About this task
Go to the line that contains "Crop Tank Fleece" in the listing below, then output it and every line after it exactly, omitting pictures.
Start of Entries supplied
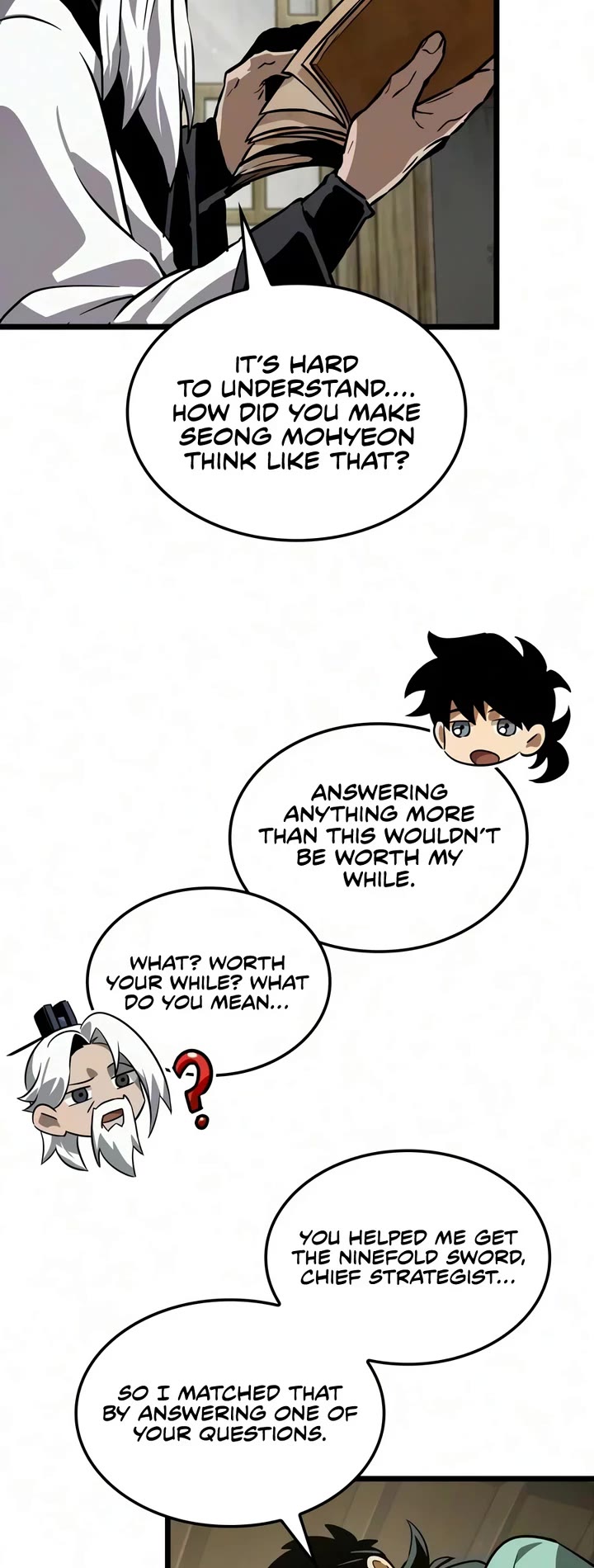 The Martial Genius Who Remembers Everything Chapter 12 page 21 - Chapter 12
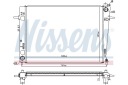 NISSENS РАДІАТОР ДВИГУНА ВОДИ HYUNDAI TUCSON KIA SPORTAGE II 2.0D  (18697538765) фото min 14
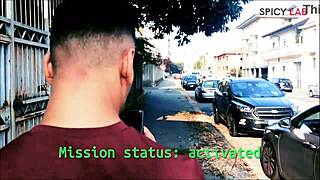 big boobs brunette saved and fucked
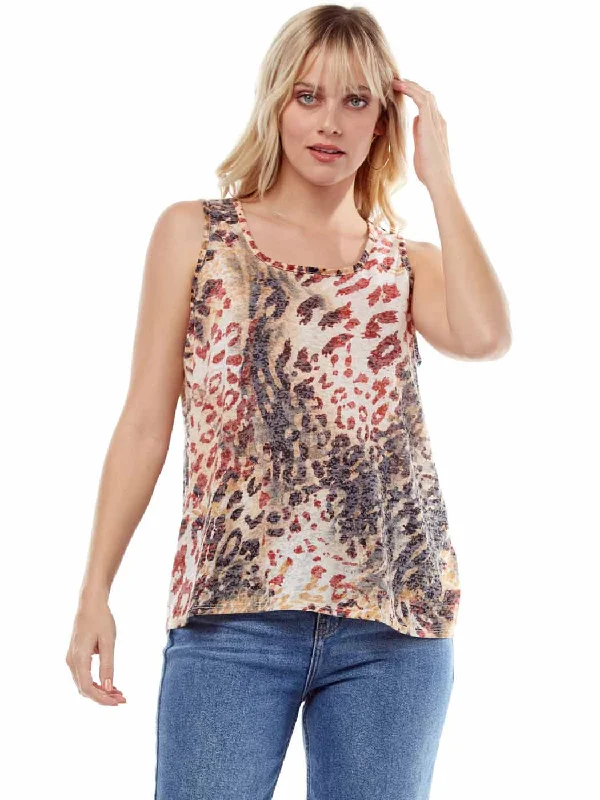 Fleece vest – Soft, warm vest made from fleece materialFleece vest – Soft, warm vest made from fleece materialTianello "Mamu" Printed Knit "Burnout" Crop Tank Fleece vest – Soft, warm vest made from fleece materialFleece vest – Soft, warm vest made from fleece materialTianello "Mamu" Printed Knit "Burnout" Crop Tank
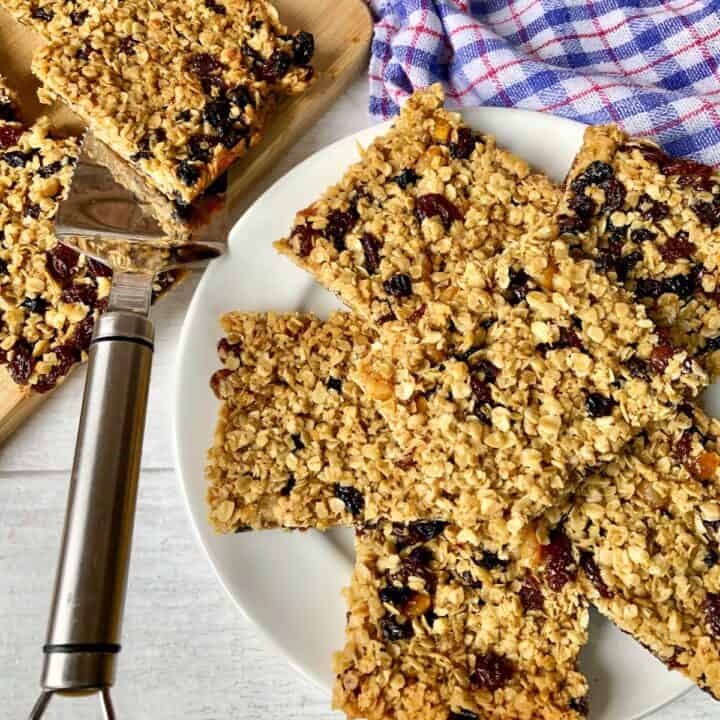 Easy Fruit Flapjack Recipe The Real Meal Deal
End of Entries supplied
Your response
 Fleece vest – Soft, warm vest made from fleece materialFleece vest – Soft, warm vest made from fleece materialTianello "Mamu" Printed Knit "Burnout" Crop Tank Fleece vest – Soft, warm vest made from fleece materialFleece vest – Soft, warm vest made from fleece materialTianello "Mamu" Printed Knit "Burnout" Crop Tank
 Easy Fruit Flapjack Recipe The Real Meal Deal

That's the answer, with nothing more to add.